Fool's Assassin, the first book of Fitz and the Fool, was released simultaneously in the US and the UK on August 12, 2014. Fool's Quest followed a year later, on August 11 in the US and August 13 in the UK. The series concluded in 2017 with the release of Assassin's Fate, on May 4 in the UK and May 7 in the US. The UK editions were published by Harper Voyager and illustrated by Jackie Morris and Stephen Raw; the US publisher was Del Rey and the cover artist was Alejandro Colucci.

==Plot==

The trilogy follows Fitz in his fifties, and is told alternately from the point of view of Fitz and his daughter Bee Farseer.

==Themes==
Scholars see queer themes in Hobb's portrayal of the Fool, a character who alternately presents as masculine and feminine in different segments of the Elderlings series, and in Fitz's possession of the Wit, a form of magic seen by society as an unnatural inclination. The dynamic between Fitz and the Fool, described in the series as "two halves of a whole, sundered and come together again" when they connect via the Skill, has romantic overtones, and critic Amanda Craig sees Fitz as "half in love with his friend". While positively viewing how Hobb's work blurs gender boundaries, Lenise Prater criticizes Hobb's emphasis on "monogamous, romantic love" in the Rain Wild Chronicles, seeing that series as a conservative representation of queer relationships. Peter Melville disagrees, viewing the concluding image of Fitz and the Fool trilogy as "confirm[ing] the series' place within the larger history of queerness in the fantasy genre".

Mariah Larsson views the series as ecocentric in nature, questioning the intrinsic value of human over other forms of life.
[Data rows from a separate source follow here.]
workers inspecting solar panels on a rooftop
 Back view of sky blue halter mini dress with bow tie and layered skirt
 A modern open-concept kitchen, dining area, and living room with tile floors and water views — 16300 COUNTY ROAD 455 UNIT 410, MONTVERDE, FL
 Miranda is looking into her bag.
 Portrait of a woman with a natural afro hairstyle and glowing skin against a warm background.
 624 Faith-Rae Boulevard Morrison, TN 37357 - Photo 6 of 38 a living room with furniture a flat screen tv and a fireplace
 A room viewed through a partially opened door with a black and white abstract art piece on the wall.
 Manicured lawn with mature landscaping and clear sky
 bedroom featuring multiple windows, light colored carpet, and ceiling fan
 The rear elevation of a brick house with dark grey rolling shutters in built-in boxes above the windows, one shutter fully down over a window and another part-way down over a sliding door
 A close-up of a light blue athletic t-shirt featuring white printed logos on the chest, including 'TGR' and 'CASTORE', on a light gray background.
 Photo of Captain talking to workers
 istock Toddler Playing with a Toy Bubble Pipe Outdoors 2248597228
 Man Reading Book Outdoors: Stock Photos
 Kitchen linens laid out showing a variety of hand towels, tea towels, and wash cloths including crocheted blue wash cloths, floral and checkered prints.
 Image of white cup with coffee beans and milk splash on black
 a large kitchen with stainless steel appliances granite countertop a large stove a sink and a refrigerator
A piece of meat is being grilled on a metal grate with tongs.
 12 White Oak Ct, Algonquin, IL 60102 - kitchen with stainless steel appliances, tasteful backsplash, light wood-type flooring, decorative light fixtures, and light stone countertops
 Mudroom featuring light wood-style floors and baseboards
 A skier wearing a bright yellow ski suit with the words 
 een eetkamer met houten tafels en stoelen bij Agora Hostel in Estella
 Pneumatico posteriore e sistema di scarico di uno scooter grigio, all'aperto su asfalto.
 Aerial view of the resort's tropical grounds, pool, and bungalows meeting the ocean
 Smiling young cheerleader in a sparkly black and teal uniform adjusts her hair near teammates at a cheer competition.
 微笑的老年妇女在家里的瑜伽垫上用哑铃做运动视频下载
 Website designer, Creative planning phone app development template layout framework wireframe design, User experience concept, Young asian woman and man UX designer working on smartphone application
The re-emergence of dragons in the series poses a challenge to anthropocentrism, or the supremacy of man's place in the world, with humans forced to re-adjust in relation to a stronger, more intelligent predator. The Wit, an ill-regarded ability associated with the animal world, is shown through Fitz's perspective as a natural extension of the senses and as an interconnectedness to all living things.

==Reception==
Fantasy reviewer Justin Landon found Fool's Assassin slower-paced than the prior Elderlings books, writing on Tor.com that it was closer to a "pastoral family drama" than an epic fantasy. He also felt that it was highly successful, calling Hobb "an absolute master of the craft" and stating that "her prose sparkles, her characters leap off the page." Critic Jane Shilling agreed, comparing the book to a literary novel and terming it "high art" in her review for The Telegraph. She wrote of Hobb's characters that "their longings and failings are our own, and we find our view of the world indelibly changed by their experiences", and went on to describe the series as transcending the fantasy genre. The Los Angeles Review of Books praised Hobb's portrayal of aging, writing that traumas experienced in childhood "linger and take on new shapes" as her protagonist aged. The review felt that the complexity of Hobb's characters, along with the layered interactions between them, were central to her appeal, stating "it is watching Fitz struggle to bridge those spaces, struggle with those layers, that is more captivating than any magic."

Critic Amanda Craig, reviewing Fool's Quest for The Independent, felt that Hobb's writing had a Shakespearean flavor. She found the mood "nothing like as bleak as George R R Martin’s, nor as Manichean as Tolkien’s, but close to Ursula Le Guin’s redemptive humanism". While wishing for more action in the plot, she described Hobb's focus on characters as compelling and said the book "had me waking at 6 am" to keep reading. The Guardians book reviewer Alison Flood praised how Assassin's Fate, the final novel, consolidated plot threads from across the 16-book series. She described the book as both "exciting and deeply introspective", and "a breathtaking conclusion".